“Bogie’s” Burberry at the center of heirs’ court action
By Pankaj Ladhar of Manos • Alwine P.L.
The disheveled trench coat actor Humphrey Bogart wore in the fog-clouded last scenes of the 1942 movie “Casablanca” was made by the fashion company Burberry, based in England. Burberry recently created a social media website depicting the actor using a still photograph from the film, which may put the coat manufacturer in court.
Burberry wants a federal court to approve of the company’s use of the trench-coat image in an online timeline. The late actor’s heirs, who include Bogart’s children and actress Lauren Bacall, filed a trademark infringement lawsuit against Burberry the same day.

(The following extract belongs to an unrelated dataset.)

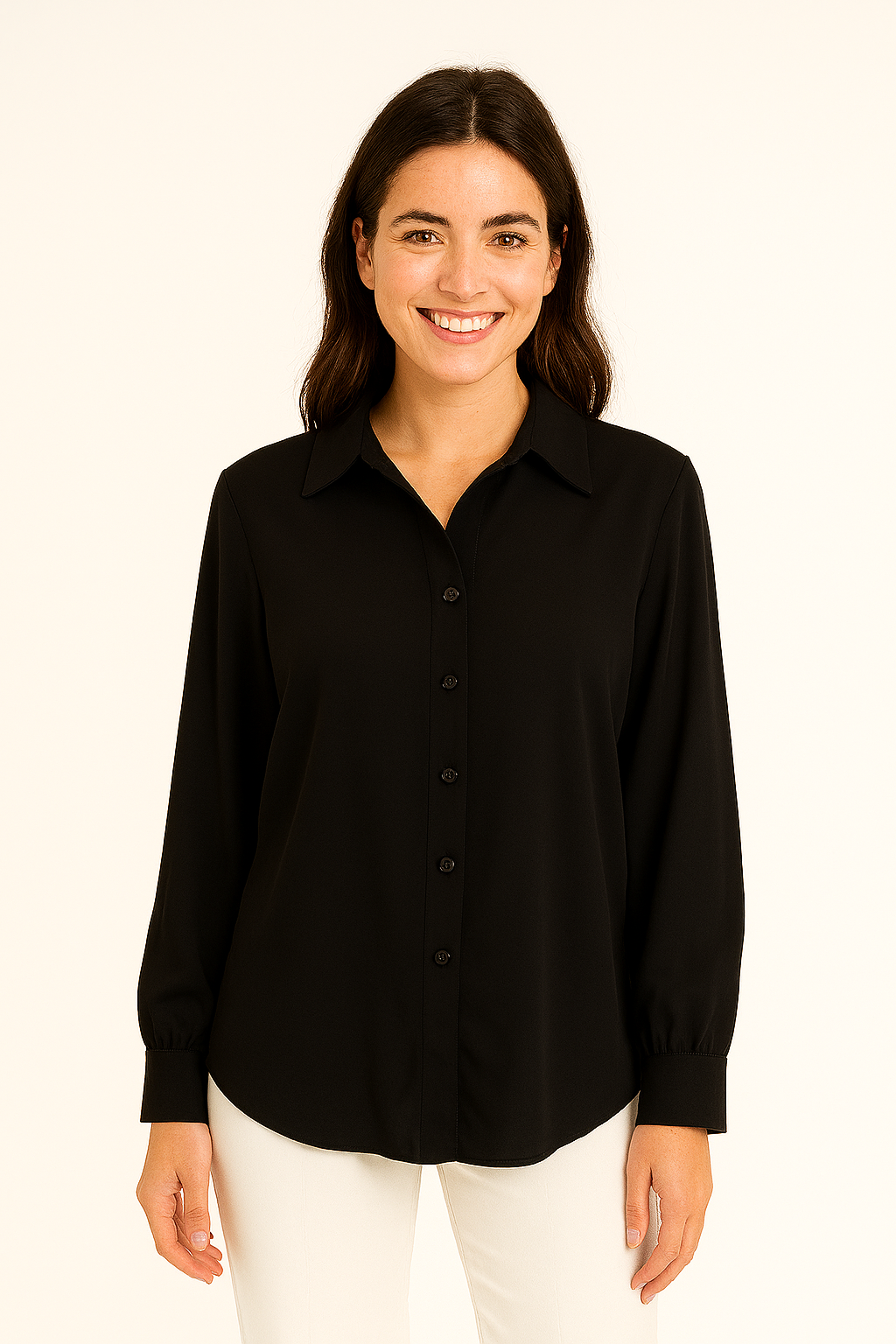 obsidian-grace-black-blouse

The maker of the Bogart Burberry coat claims it has done no wrong. The coat maker apparently licensed the image it used from a photo agency. The clothing manufacturer stated it did not impinge on the rights or publicity rights of the Bogart Corporation and did not use the image to promote the sale of merchandise.

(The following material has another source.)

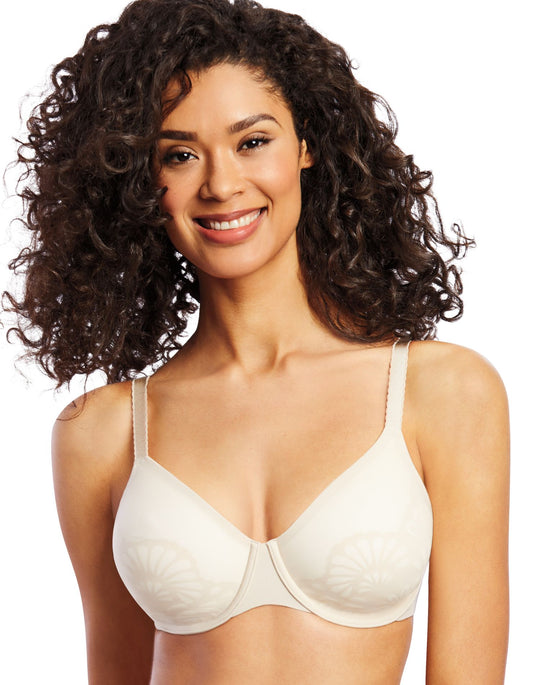 Bali DF6563 Bali Bra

Bogart’s corporation and family disagreed, saying Burberry purposely used the late actor’s name and “Casablanca” image to enhance its own place in the fashion marketplace.
Burberry contends that Bogart Corp. is in the wrong and is trying to “exert and assert” intellectual property rights it does not own. Bogart apparently contacted Burberry multiple times last month to force the company to stop using the image and eventually ordered Burberry to pay for the photo’s use.

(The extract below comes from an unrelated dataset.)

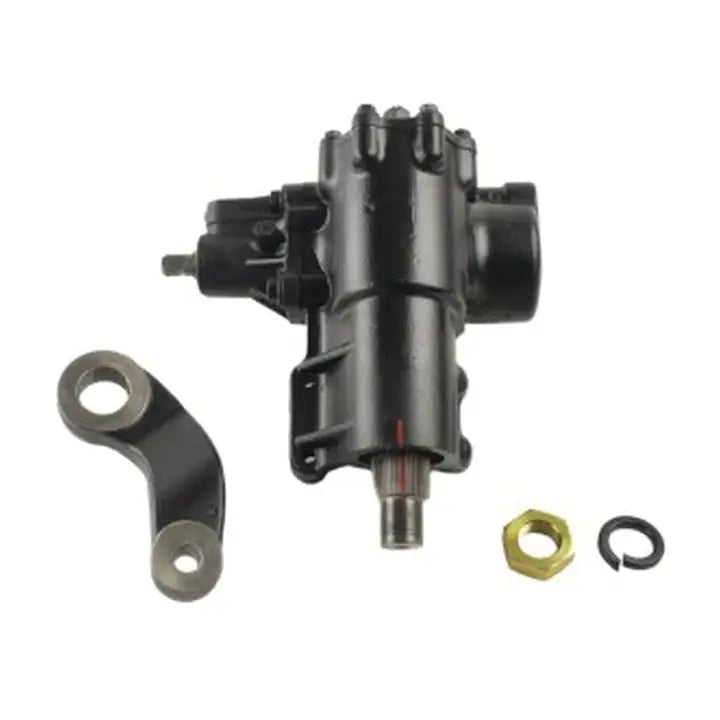 PSC Motorsports SG688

Burberry officials asked a federal judge to agree that the use of the Bogart photo in a timeline, rather than a sales pitch, is protected by the First Amendment to the Constitution.
The son of the actor called Burberry’s court action “disrespectful.” He likened the use of Bogart’s picture on the Burberry website to that of a cigarette maker trying to capitalize on the kind of cigarette Bogart smoked.